The Far Side of the Moon portrays two brothers during the space race between the Americans and the Soviets. Philippe, the elder brother, has written a thesis about building a huge tower on the dark side of the moon, and also decides to enter a home movie contest sponsored by SETI (Search for Extra-Terrestrial Intelligence) in which the winning entry will be sent into space. Andre is the younger brother, a highly successful weatherman. The piece explores their relationship (conveyed by telephone conversations since both are performed by LePage), and their differences in personality. Particularly, how each handles "space" in his life. Andre is neat, vain, somewhat impersonal, whereas Philippe is thoughtful, sentimental, tends to be a pack rat, and is full of unachievable aspirations. Their attitudes perhaps represent the contrast between how Americans saw landing on the moon (a race) and how the Soviets did (a dream to reach the stars); one competitive, the other passionate.

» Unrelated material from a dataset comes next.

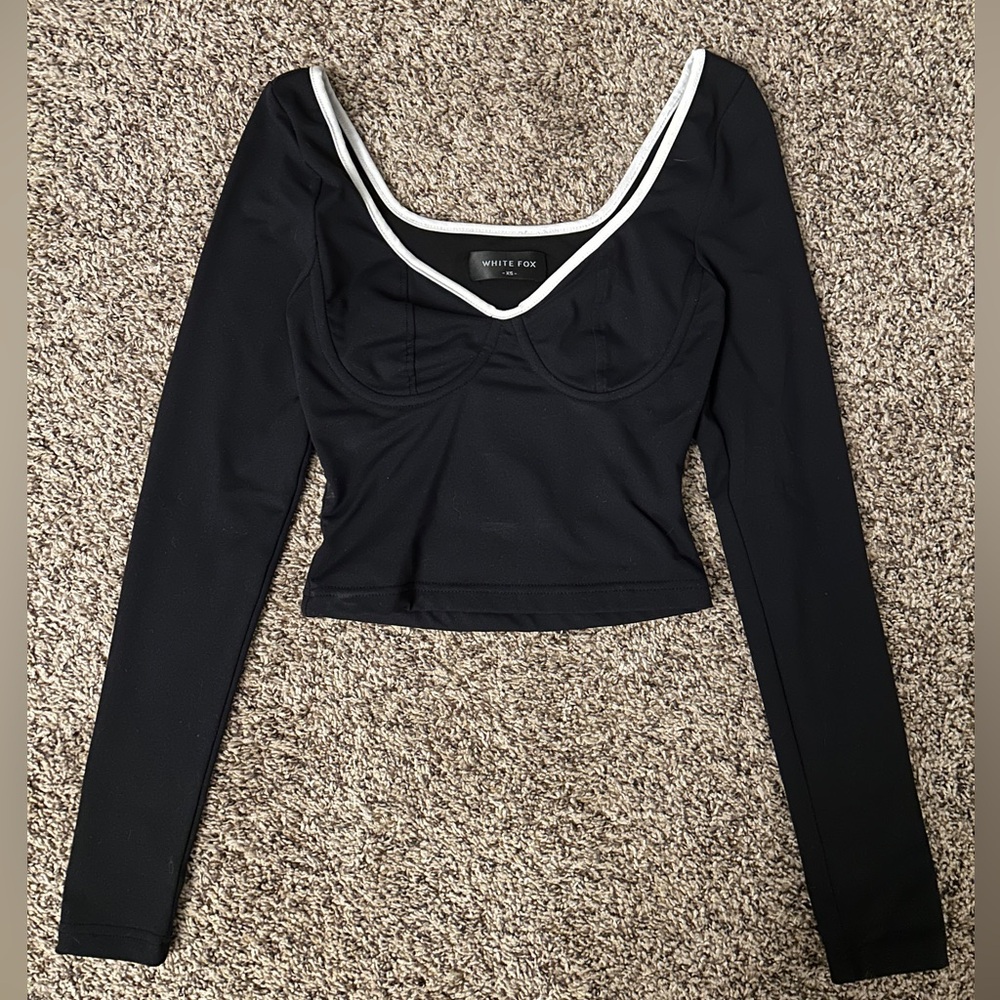 White Fox Boutique Black and White Long Sleeve Top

The set, simple yet mysterious. A metephor for space, or lack thereof. While Philippe does laundry in a working laundry machine portal embedded in the wall, a video projection next to it shows the inside full of water and tumbling laundry. The same space of the laundry portal becomes an airplane window, the Earth, an MRI machine, and a fish bowl. As Philippe lectures about the lunar tower, he draws an elevator door with chalk, complete with up/down buttons against the pitch black wall. And like magic, the rest of the elevator fills in (15...14..13...12...) Just as your mind gets used to the idea of it appearing, the complete door (now real) slides open and he walks through! In another scene, the same ironing board for one brother becomes the gym equipment for the next.

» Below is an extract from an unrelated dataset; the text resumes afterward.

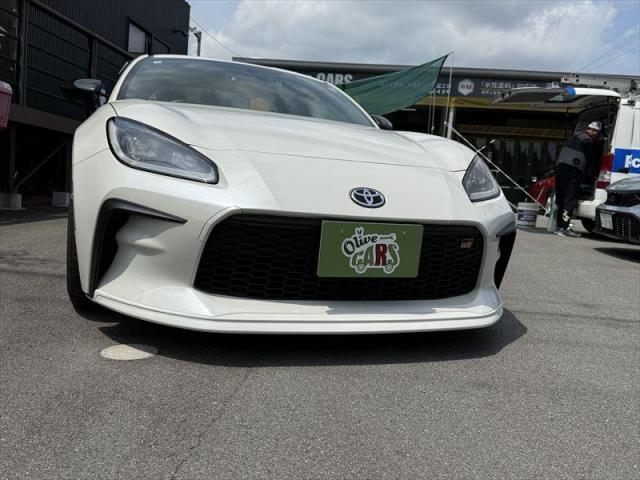 【スポイラー取り付け】　ＧＲ８６　フロントスポイラー　エアロ　カスタム　部品持ち込み歓迎　お値打ち　安い　代車無料　オリーブカーズ　三重県　四日市市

Far Side is replete with puppets, but these are never tacky, and always subtle. A tiny astronaut sits inside Philippe's cluttered closet. We barely notice it until it picks up a ball as if playing with the moon itself. At one point, the set rotates flat, representing a bar overseas where Philippe has a drink, waiting for a guest that never shows up. Then the light changes and we are transported to a lunar landscape; the bar surface now the barren, unexplored moon with a moon buggy rolling silently across. Pierre Bernier (the puppeteer) does a great, yet deliberately understated performance.
Far Side of the Moon is quite intricate in its interweaving themes: space, loneliness, success, failure, ambition, memories, and dreams. But it has evolved into an extremely moving piece. I've never seen such a spectactular fusion of acting, writing, video, music, the set itself, and puppetry serving a theatrical idea (rather than being mere effects). The sume becomes bigger than the parts. The last scene took everyone's breath away -- not so much because it was an impressive illusion (which it was, and I just can't give it away) but because we witnessed Philippe's hardships. We could then feel his final ascension, emotionally and visually. The sheer contrast of the mundane set and what we saw only heightened this experience. Truly inspiring work.

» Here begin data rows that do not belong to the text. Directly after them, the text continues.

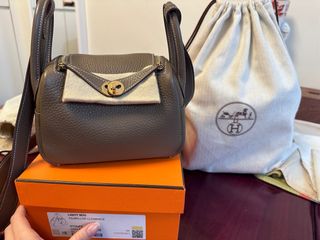 （分類：）位於 。 由 teddybearbear1234 提交（商品編號 1347721253，圖片 1）。簡介： 。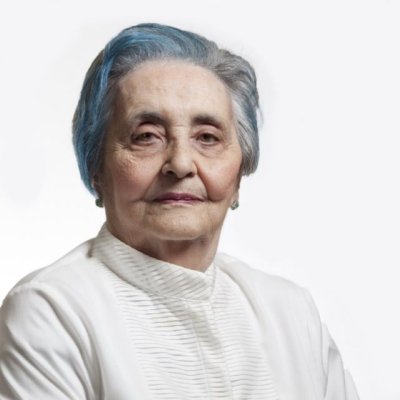 La poes&iacute;a completa de Mariluz Escribano Pueo, recogida por la editorial C&aacute;tedra, se presenta en la Casa de Col&oacute;n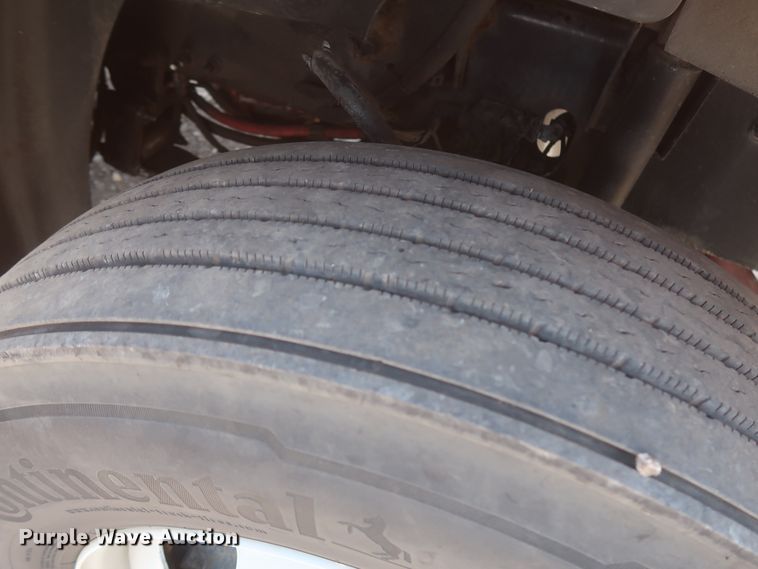 image for item HT9530 2014 Mack CXU612  semi truck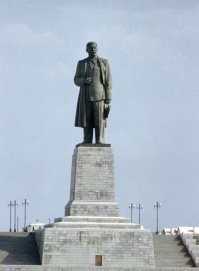 А вообще пора поставить на площадях памятники Сталину, по типу того что стоял на входе в канал: 
Верните Сталина, он наш генералиссимус, 
ему на Красной площади стоять! 
Расправим плечи, хватить нам сутулиться, 
ведь с ним мы выиграли войну! 
Верните Сталина, он наш генералиссимус,
ЕМУ ПАРАД ПОБЕДЫ ПРИНИМАТЬ!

I had the privilege of chatting with Robert afterwards. He admitted this was their first work to utlize puppets, which was surprising to me. As I found out later, Robert is a famous Canadian stage actor, who even has a documentary about him. He and his troupe Ex Machina have been working on this show since the 1998 Henson Festival in New York when it premiered, and more puppetry has been added since. I urge you to try and see it February 14-17 at UCLA in Los Angeles next year!